AI-Driven Attack Detection and Cryptographic Privacy Protection for Cyber-Resilient Industrial Control Systems
Archana Pallakonda, Kabilan Kaliyannan, Rahul Loganathan Sumathi, Rayappa David Amar Raj, Rama Muni Reddy Yanamala, Christian Napoli, C. Randieri
Abstract
Industrial control systems (ICS) are increasingly vulnerable to evolving cyber threats due to the convergence of operational and information technologies. This research presents a robust cybersecurity framework that integrates machine learning-based anomaly detection with advanced cryptographic techniques to protect ICS communication networks.
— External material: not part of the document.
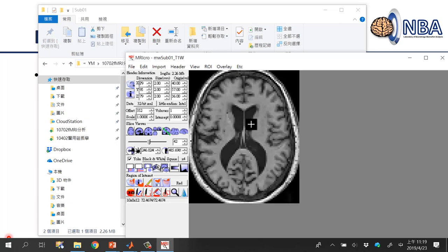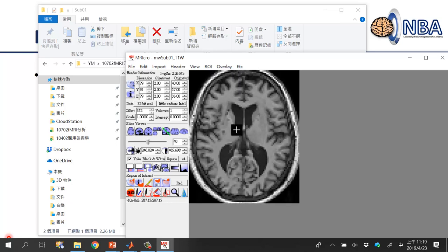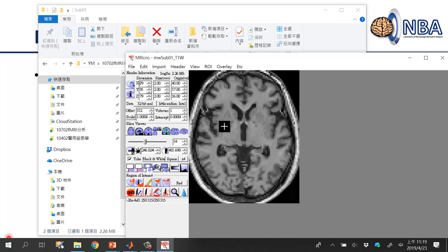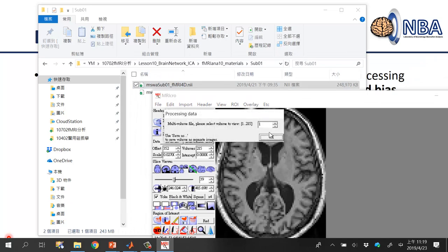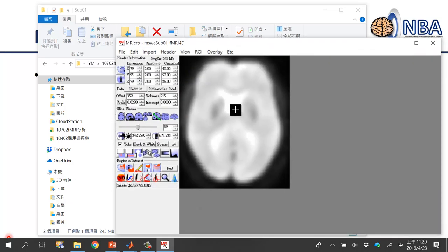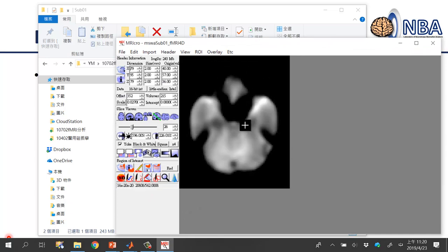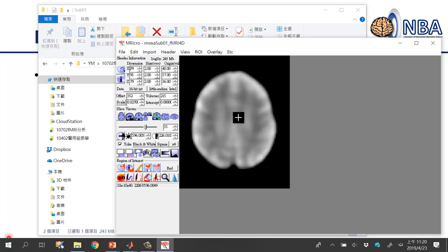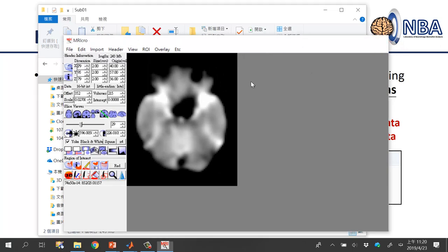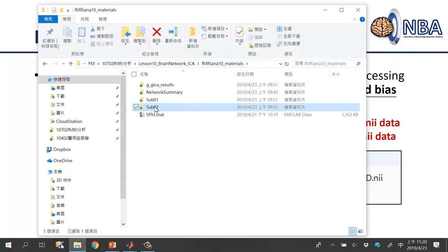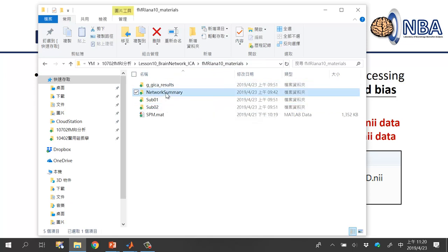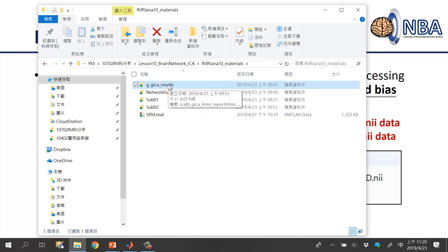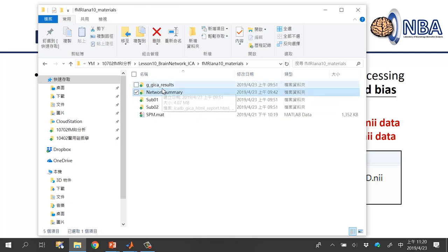The dataset I provided is from stroke patients — you can see lesions in subcortical regions, likely in the putamen. The fMRI dataset has 215 time points, and imaging homogeneity is good because bias correction has already been performed. Sub02 contains similar data for the second subject.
Using the ICS-Flow dataset, we evaluate several ensemble models, with XGBoost achieving 99.92% accuracy in binary classification and Decision Tree attaining 99.81% accuracy in multi-class classification. Additionally, we implement an LSTM autoencoder for temporal anomaly detection and employ the ADWIN technique for real-time drift detection. To ensure data security, we apply AES-CBC with HMAC and AES-GCM with RSA encryption, which demonstrates resilience against brute-force, tampering, and cryptanalytic attacks. Security assessments, including entropy analysis and adversarial evaluations (IND-CPA and IND-CCA), confirm the robustness of the encryption schemes against passive and active threats. A hardware implementation on a PYNQ Zynq board shows the feasibility of real-time deployment, with a runtime of 0.11 s. The results demonstrate that the proposed framework enhances ICS security by combining AI-driven anomaly detection with RSA-based cryptography, offering a viable solution for protecting ICS networks from emerging cyber threats.